= Thomas Morton Harper =

English Jesuit priest, philosopher, theologian, and preacher

Thomas Morton Harper (26 September 1821 – 29 August 1893) was an English Jesuit priest, philosopher, theologian, and preacher.

Born in London of Anglican parents, his father being a merchant of good means in the city, he was educated first at St. Paul's School (London); then at Queen's College, Oxford. Having taken his B.A. degree, he subsequently received orders in the Anglican Church, in which he worked for five years as a curate. His first mission was in Barnstaple in Devon. Here he manifested High Church proclivities and took a vigorous part in ecclesiastical controversies in the local press. Getting into collision with his bishop on some points of doctrine, he left Devon and purchased a small proprietary chapel in a poor district in Pimlico, London. But his ritualistic views and practices here again brought him into conflict with his diocesan Charles James Blomfield, Bishop of London.

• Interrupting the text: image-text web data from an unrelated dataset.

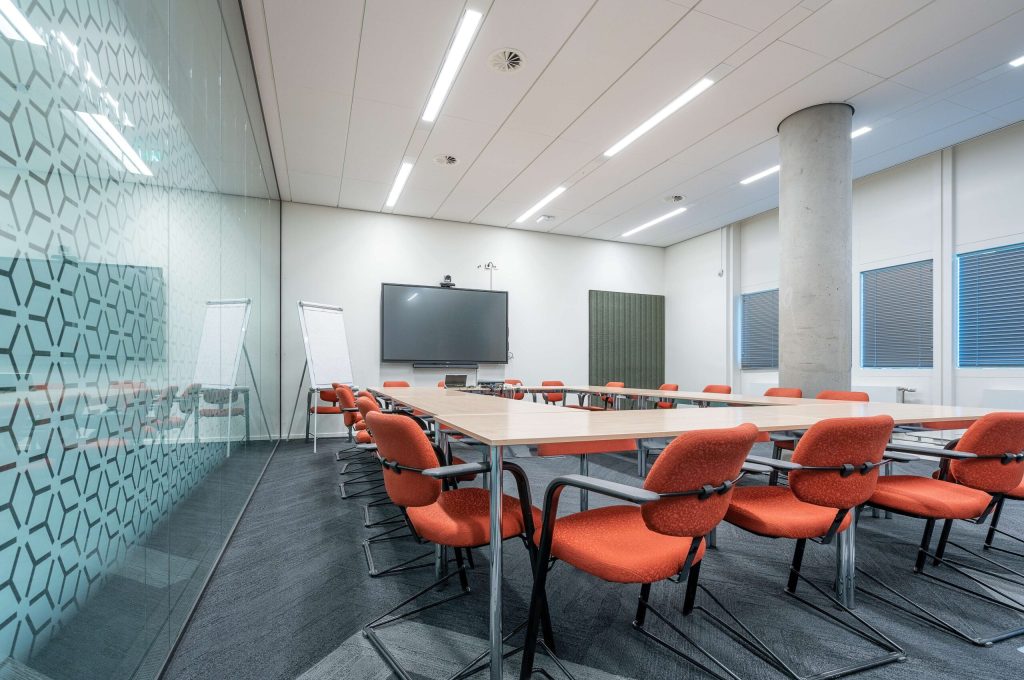 The conference room interior of a modern office with white walls and a monitor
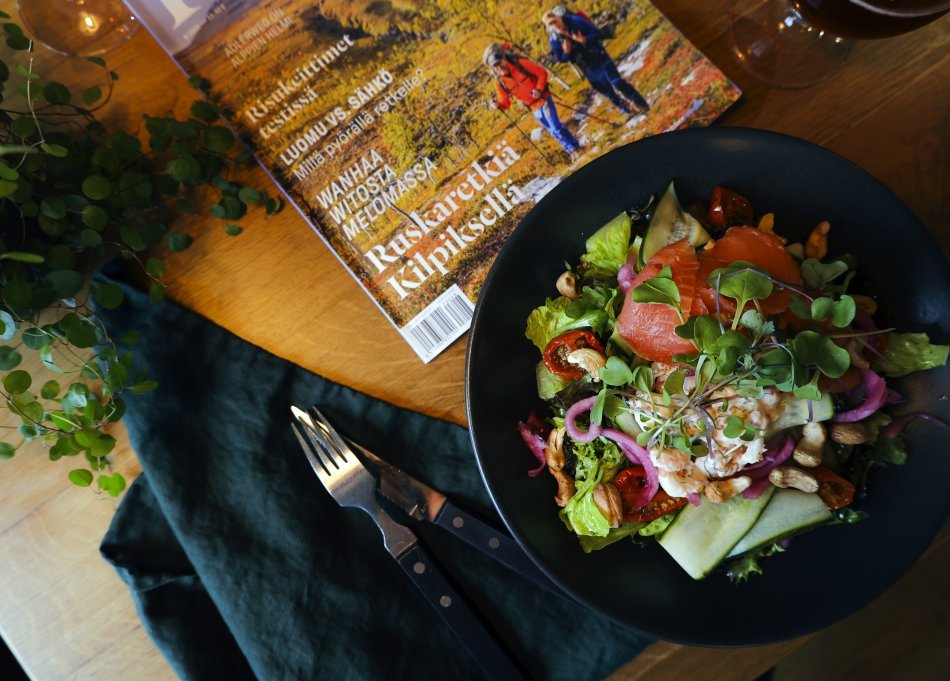 Lohisalaattiannos Kilpisjärven Retkeilykeskuksen ravintolan pöydällä. Pöydällä on myös avoin lehti, haarukka, servetti sekä vihreä kasvi.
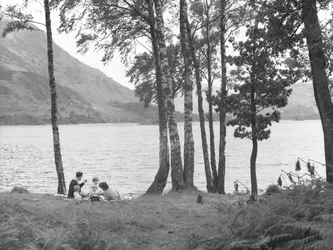 Una famiglia che si rilassa vicino al lago con gli alberi a destra e le montagne sullo sfondo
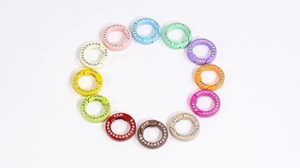 Macro shot of 12 colorful rhinestone round spring rings for DIY jewelry and keychains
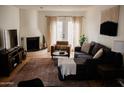 Inviting living room featuring a cozy fireplace and ample natural light at 7023 E 4Th St # 104, Scottsdale, AZ 85251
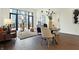 Open concept dining area with modern table and chairs near living room at 877 N East St # 104, Indianapolis, IN 46202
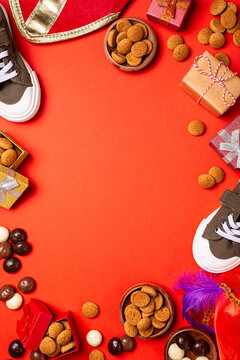 Sinterklaas holiday Sint Nicholas day arrangement shows Dutch spiced cookies pepernoten, wrapped gifts, shoes and a festive hat around a bright red background, top view with copy space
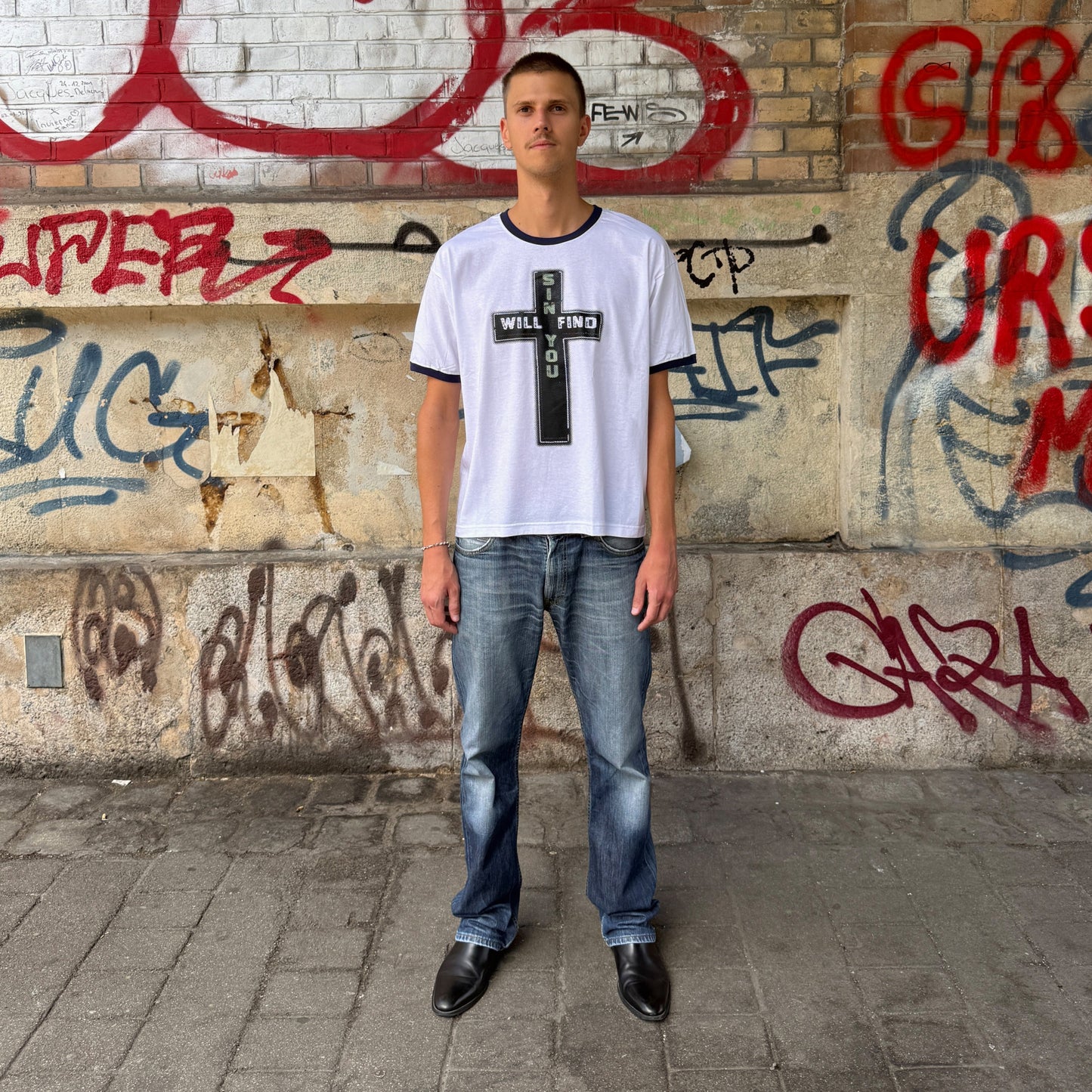 
                  
                    SINNERS RINGER T-SHIRT (GLOW IN THE DARK)
                  
                
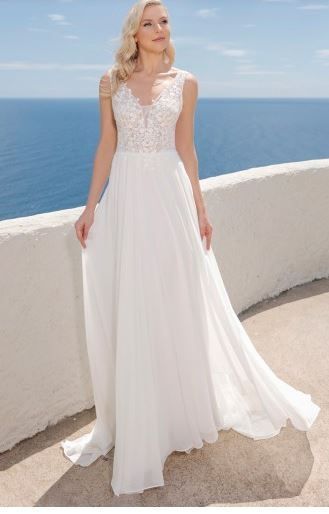 Eine Frau mit blonden Haaren in einem weißen Kleid steht auf einem Balkon mit Blick auf das Meer.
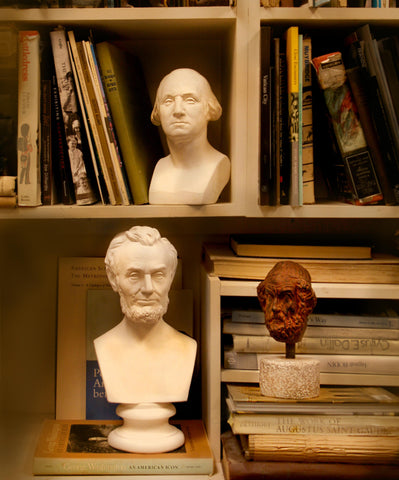 sculpture busts on a table and bookshelf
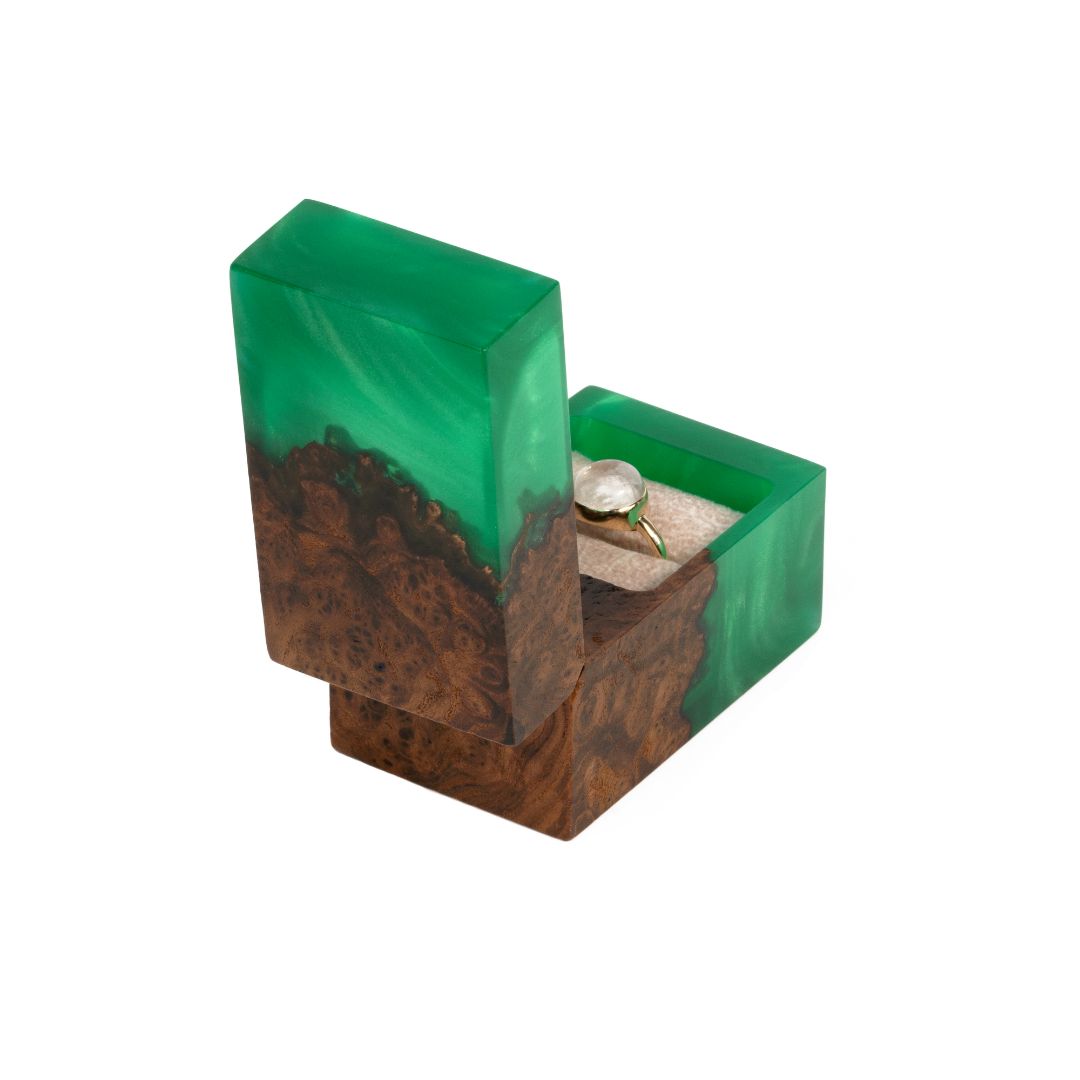 Handcrafted green epoxy and elm wood proposal ring box photographed from a front angle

He was obviously drifting steadily towards the Catholic Church. The final impulse came from the perusal of an attack on the Jesuit Order in a volume entitled One Year in the Noviceship of the Society of Jesus by Andrew Steinmetz. He found the book unconvincing, and within half a year he converted to Catholicism, and some months later, in October 1852, he entered the Society of Jesus. He passed through his noviceship and philosophical studies in Belgium. His four years' theological course was divided between the English Jesuit Theological College, St. Beuno's in Wales, Rome, and Leuven. Ordained priest in 1859, he was appointed professor of theology the following year at St. Beuno's College. Two years later he was transferred to the chair of logic and general metaphysics at St. Mary's Hall, Stonyhurst. A man of highly-strung nervous disposition and intense mental application, his health made frequent changes necessary. He returned after a short time to teach theology at St. Beuno's and subsequently worked on the mission for some years, achieving a high reputation as a preacher. During the last half-dozen years of his life he suffered from prolonged attacks of mental prostration, the malady at times assuming an acute form.

==Publications==
- Peace through the Truth, or Essays on Subjects connected with Dr. Pusey's Eirenicon, I (London, 1869), II (1874);
- The Metaphysics of the School, 3 vols. (London, 1879–1884).

In addition to these, he published several smaller works in booklet form. Amongst them were the following: "On Modern Principles"; "God the True the Good and the Beautiful"; "Manchester Dialogues"; "Lectures on Papal Infallibility". He also wrote a series of articles on John Henry Newman's Grammar of Assent, shortly after its appearance, though he did not esteem that book highly. His general approach was to anglicise scholastic terminology rather than to translate the concepts of the Schoolmen into the language of modern philosophical literature.